The most important cost to consider when writing code is maintanability. You will spend much, much more time maintaining an application and fixing bugs than you ever will fixing performance problems.
In this case the almost certainly insignificant cost of calling a method is incredibly small when compared to the cost of maintaining a large unwieldy method. Small concise methods are easier to maintain and comprehend. Additionally the cost of calling the method almost certainly will not have a significant performance impact on your application. And if it does, you can only assertain that by using a profiler. Developers are notoriously bad at identifying performance problems before hand.
Generally speaking, once a performance problem is identified, they are easy to fix. Making a method or more importantly a code base, maintainable is a much higher cost.
Personally, I am not afraid of long methods as long as the person writing them writes them well (every piece of sub-task separated by 2 newlines and a nice comment preceeding it, etc. Also, identation is very important.).
In fact, many times I even prefer them (e.g. when writing code that does things in a specific order with sequential logic).
Also, I really don't understand why breaking a long method into 100 pieces will improve readablility (as others suggest). Only the opposite. You will only end-up jumping all over the place and holding pieces of code in your memory just to get a complete picture of what is going on in your code. Combine that with possible lack of comments, bad function names, many similar function names and you have the perfect recipe for chaos.
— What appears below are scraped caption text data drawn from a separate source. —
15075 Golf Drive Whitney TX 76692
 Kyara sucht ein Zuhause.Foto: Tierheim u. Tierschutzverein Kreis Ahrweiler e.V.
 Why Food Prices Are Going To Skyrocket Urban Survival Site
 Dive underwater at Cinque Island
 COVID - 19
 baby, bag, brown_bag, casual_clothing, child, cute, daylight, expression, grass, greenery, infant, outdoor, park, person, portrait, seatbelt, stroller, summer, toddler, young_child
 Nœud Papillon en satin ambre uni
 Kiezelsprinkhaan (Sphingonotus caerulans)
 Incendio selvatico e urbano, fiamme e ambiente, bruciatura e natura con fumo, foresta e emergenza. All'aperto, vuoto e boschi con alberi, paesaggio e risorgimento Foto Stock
Also, you could go the other end while trying to reduce the size of the methods: to create MANY classes and MANY functions each of which may take MANY parameters. I don't think this improves readability either (especially for a begginer to a project that has no clue what each class/method do).
And the demand that "a function should do 'one thing'" is very subjective. 'One thing' may be increasing a variable by one up to doing a ton of work supposedly for the 'same thing'.
My rule is only reuseability:
The same code should not appear many times in many places. If this is the case you need a new function.
All the rest is just philosophical talk.
In a question of "why do you make your methods so big" I reply, "why not if the code is simple?".